I think you say to him that they don't want to stay there, and that as their mother you support their decision. However, you strongly urge him to make more of an effort to try and repair the relationship he has. So, for a while, instead of staying there, they have day trips and do stuff together. And if and when they want to stay over again then assess it at the time. In other words, let them take a step back but be looking to move forward for a change. If he's not keen then I think that reflects badly on him and perhaps then I'd be seeking legal advice for full custody. And if you see this happening i.e. approaching full custody, then I would begin keeping a record of events, conversations.

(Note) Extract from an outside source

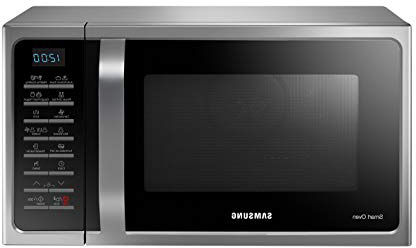 Samsung Forno a Microonde Combinato, 900 W, Grill 1500 W, 28 Litri, Bianco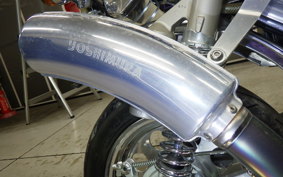 HONDA GORILLA Z50J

chamomilesleepytea · 05/01/2022 13:42

@EasyBreezy

Would your eldest be able to write a letter to their Dad about how they feel or about what they miss about the time they spend with their Dad. Ive done this before and it made my child feel better to indirectly communicate their feelings and because it came from my child i think (fortunately) it worked and made their Dad consider the childs view without my getting in the middle.
That's a possibility and not something I had thought of. Thank you
OP posts:
Wreath21 · 05/01/2022 13:45

I would suggest you send this selfish, fanny-struck loser one email or letter outlining the fact that his children are disappointed and now reluctant to see him, then leave it up to him to make the next move.
Comfort your DC in age appropriate ways (try not to slag him off to them too much) and keep them as happily busy with things as you can.
Chasing a relationship for them with an unreliable father will just upset them more.

Lucked · 05/01/2022 23:48

Yes I agree one email about how he is letting them down and he is losing his relationship with them. Let him know what his daughters are saying.

Put it in writing so he can’t dismiss or later claim he was unaware of problems.

joycerousselot · 30/04/2023 17:08

This is really tricky. If none of the arguments you have put forward have made any difference then there's no point in talking it over with him. I have no idea about the legalities of child custody but if they aren't feeling welcomed then I think they should have the option not to. Do you think this could be coming from the new partner?